Here's my goofball question for the day: If you replaced your idol, dead or alive, sidled up to you and handed you some headphones, what would be coming out of them?

Perhaps a goofball answer, but music, hopefully! And I'd assume it'd be the exact same kind of music I listen to. Speaking of idols, I'm a huge fan of the director Terrence Malick. I'd absolutely love to see a film adaptation of Sisyphus directed by him – I find his work mesmerizing, so wonderfully contemplative, and visually beautiful.


For some reason, I always get hung up on the word, allegory. In your opinion, what distinguishes an effective allegory from a less successful one?

Allegory works better when there's cultural familiarity. Some will understand most of the allegories in the book, but many will only understand the literal. There's a certain expectation of the reader - it's just the way it is.


And, how do you balance the mind-bending reactions of others with a tale that doesn't distract from what you've written? Pushing the edge while holding back enough to enjoy?

I don't think it's so mind-bending as to distract from its core message.

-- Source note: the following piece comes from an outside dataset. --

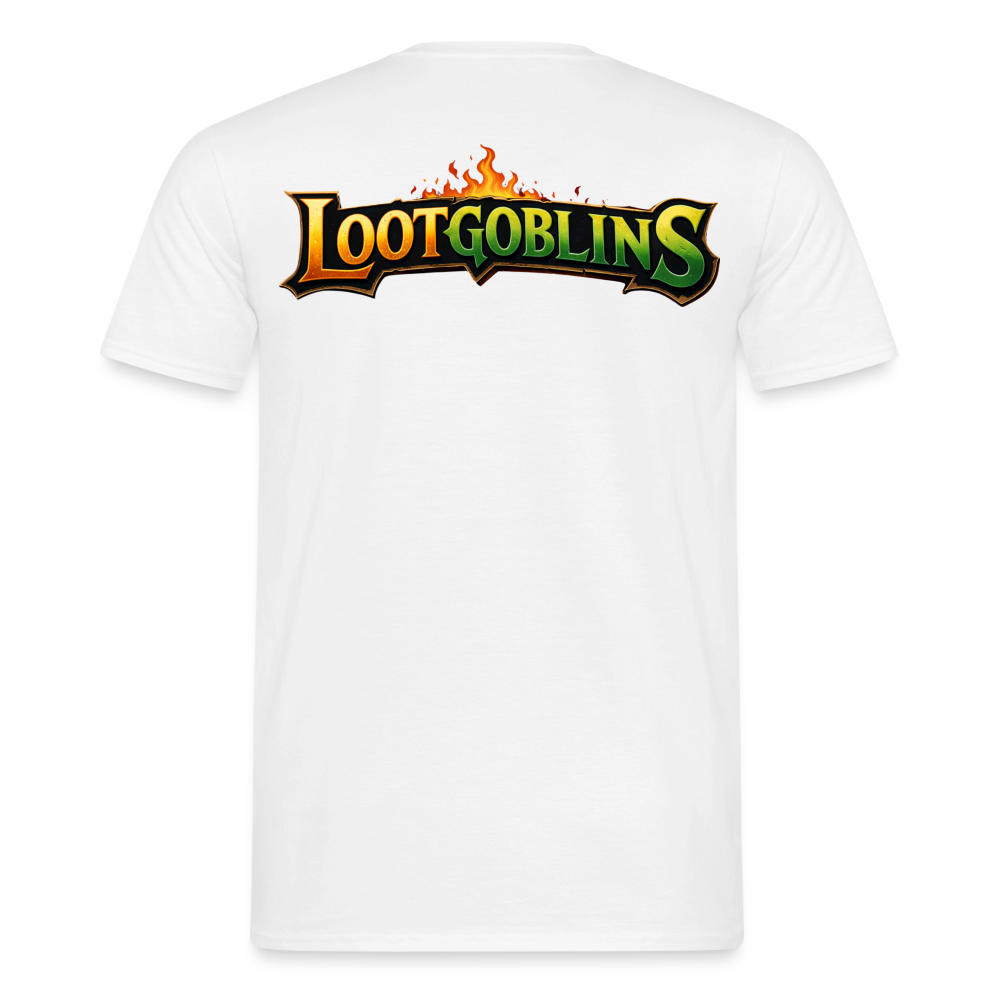Lootgoblins Shirt "Lootgoblins" - Weiß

Everything is placed 'just so', everything about it is perfectly fluid, logical and natural. I think the reactions to it speak more about what the reader is about and where they are in themselves.


Well, that was informative. Thank you for sharing. Before we go, please tell us about a forthcoming project or release.

Well, if some kind soul were to give me some money, so I could give up the day job and carry on writing, then yes, there is another book inside me. There is a sort of 'sequel', albeit a rather oblique one. More of a 'furtherance' of the point of the the first one. But til then, the Gods would have it that I am otherwise much distracted. Everything's exactly as it should be.